The Halloween dioramas are annually more disturbing. Gardens near my house have half-buried skeletons emerging from the lawns, some with shreds of tissue still adhering. Suburban gates guarding freshly gravelled driveways are adorned with severed limbs and nailed heads, blood dripping. I saw skulls on a barbecue yesterday, as if the residents were planning human brains for tea.

It’s like a simulation of a particularly horrifying civil war, scenes too violent for newspapers and television. You’d think the people of suburban Dublin were going about their business ignoring continual, open-air mass killing and torture.
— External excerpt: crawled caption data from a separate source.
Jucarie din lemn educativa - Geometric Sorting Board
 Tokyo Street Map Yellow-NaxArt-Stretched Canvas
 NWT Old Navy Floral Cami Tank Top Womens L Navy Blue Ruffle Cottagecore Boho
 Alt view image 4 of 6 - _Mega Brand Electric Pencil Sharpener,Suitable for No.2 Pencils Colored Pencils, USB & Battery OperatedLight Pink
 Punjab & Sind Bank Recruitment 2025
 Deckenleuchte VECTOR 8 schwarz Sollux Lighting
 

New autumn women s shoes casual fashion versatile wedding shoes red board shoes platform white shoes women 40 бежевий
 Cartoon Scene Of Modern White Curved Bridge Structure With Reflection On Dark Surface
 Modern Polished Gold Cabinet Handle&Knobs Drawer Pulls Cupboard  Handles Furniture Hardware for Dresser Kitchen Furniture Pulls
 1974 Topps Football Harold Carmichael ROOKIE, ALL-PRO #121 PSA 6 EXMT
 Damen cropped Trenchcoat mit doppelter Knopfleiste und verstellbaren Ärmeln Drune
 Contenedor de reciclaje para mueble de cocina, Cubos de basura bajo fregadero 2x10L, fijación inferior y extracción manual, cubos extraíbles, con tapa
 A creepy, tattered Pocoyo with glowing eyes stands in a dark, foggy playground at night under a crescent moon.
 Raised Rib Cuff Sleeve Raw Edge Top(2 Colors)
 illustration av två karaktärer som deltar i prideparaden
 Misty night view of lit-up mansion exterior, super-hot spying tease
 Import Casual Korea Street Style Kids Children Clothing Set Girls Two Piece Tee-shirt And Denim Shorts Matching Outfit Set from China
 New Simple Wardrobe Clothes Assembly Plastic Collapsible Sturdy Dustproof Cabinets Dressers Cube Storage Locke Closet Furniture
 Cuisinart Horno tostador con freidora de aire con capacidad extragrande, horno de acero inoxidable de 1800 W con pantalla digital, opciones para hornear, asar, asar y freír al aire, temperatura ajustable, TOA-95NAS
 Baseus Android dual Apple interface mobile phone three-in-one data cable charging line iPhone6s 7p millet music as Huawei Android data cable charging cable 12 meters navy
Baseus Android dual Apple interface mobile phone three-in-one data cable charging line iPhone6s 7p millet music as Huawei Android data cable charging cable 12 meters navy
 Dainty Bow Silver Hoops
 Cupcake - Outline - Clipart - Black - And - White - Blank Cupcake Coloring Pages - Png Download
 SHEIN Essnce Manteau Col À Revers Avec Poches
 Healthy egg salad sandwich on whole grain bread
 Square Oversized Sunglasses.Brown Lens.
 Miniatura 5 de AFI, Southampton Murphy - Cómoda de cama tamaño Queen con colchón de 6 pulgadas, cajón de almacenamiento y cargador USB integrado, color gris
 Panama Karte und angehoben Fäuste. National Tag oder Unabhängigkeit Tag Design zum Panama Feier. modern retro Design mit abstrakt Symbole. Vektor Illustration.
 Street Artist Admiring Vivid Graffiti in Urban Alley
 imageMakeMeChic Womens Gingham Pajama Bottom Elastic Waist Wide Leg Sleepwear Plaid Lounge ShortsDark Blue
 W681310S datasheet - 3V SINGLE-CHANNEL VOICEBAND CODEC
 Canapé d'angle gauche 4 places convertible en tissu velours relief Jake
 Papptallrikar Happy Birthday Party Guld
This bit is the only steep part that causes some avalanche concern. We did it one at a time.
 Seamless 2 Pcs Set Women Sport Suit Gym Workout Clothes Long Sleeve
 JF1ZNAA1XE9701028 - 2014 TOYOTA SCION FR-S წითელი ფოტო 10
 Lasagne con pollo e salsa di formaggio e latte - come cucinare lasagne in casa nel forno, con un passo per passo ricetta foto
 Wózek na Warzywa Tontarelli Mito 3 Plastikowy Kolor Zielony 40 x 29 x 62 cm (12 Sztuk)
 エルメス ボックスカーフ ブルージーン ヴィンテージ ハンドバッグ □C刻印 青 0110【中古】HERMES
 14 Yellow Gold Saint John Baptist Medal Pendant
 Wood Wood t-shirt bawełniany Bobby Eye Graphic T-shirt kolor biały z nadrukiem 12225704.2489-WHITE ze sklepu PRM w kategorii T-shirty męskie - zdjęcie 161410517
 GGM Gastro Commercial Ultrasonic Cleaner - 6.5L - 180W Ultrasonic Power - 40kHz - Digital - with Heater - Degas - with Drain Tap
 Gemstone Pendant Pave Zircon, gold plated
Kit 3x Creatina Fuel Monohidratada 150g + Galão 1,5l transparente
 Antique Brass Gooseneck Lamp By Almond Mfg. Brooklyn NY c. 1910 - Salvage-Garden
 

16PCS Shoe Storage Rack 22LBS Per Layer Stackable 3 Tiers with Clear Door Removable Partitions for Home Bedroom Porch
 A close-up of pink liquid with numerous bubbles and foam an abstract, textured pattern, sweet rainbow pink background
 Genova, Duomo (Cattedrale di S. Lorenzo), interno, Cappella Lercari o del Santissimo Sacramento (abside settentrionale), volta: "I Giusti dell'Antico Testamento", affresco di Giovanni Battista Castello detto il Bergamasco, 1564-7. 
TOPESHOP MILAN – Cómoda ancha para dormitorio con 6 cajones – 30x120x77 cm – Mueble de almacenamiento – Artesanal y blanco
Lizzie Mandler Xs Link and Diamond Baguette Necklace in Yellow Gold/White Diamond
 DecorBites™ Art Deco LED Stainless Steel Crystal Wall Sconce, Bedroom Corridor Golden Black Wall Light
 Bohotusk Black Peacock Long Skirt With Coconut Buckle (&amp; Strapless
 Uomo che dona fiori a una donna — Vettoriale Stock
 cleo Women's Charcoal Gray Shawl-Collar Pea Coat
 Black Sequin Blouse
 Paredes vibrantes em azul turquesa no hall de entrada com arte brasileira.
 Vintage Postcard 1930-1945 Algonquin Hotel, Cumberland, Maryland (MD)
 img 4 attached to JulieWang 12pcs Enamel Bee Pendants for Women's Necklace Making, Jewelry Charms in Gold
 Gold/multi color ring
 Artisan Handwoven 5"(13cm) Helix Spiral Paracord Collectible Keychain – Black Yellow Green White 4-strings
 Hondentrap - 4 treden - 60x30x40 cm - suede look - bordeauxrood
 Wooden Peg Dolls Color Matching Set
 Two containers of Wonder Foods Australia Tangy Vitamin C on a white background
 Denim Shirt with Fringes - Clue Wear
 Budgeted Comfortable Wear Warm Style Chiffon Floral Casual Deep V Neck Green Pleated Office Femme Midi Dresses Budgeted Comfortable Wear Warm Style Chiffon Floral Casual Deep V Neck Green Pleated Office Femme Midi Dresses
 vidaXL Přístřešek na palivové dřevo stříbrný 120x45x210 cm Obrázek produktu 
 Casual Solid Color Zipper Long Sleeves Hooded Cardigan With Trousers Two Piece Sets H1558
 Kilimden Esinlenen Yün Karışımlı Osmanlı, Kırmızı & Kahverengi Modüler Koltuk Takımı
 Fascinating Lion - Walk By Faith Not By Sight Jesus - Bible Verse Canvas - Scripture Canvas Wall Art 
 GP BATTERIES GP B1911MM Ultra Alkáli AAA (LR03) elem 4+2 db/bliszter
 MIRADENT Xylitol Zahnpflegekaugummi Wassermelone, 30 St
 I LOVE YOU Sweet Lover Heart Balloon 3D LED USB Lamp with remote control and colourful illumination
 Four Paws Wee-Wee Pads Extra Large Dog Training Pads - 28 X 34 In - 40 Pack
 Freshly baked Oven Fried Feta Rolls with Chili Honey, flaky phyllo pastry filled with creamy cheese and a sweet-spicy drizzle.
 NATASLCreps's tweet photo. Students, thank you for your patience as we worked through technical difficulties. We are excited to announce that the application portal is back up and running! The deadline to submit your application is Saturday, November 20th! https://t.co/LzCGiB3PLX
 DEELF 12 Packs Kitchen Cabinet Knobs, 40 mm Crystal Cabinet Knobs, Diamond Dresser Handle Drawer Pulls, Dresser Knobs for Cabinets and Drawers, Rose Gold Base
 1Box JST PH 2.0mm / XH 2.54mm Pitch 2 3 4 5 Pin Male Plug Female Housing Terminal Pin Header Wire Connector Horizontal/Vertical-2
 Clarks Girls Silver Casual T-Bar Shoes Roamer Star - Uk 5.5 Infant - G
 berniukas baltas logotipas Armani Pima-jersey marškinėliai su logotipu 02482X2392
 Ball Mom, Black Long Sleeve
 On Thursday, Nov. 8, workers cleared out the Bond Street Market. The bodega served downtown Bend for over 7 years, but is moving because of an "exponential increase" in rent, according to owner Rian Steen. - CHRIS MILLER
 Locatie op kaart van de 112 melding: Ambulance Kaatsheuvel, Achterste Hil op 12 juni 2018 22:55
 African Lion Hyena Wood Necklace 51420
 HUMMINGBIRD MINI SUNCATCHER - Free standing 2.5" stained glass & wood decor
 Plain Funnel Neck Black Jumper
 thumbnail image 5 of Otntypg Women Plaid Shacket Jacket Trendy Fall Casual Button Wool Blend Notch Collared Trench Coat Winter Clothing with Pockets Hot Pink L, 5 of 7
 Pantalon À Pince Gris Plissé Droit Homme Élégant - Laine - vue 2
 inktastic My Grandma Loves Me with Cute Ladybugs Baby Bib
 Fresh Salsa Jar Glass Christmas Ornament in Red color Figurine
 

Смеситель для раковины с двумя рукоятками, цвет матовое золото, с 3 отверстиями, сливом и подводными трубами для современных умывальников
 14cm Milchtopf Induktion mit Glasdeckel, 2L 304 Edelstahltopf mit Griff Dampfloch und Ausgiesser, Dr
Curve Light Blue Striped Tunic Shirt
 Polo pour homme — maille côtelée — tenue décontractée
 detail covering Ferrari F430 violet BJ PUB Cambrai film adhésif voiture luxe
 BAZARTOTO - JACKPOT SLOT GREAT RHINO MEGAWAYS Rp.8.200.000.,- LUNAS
I like ghost stories, but there’s a line somewhere between spooky and sadistic.

Call me a killjoy – after all, I’m not keen on a lot about Christmas either – but it used to be possible to enjoy Halloween and Samhain, to flirt with the supernatural and mark the dark turn of the year, without revelling in fantasies of violence and pain, and certainly without filling our homes and gardens with petroleum-based effigies and instruments of atrocity.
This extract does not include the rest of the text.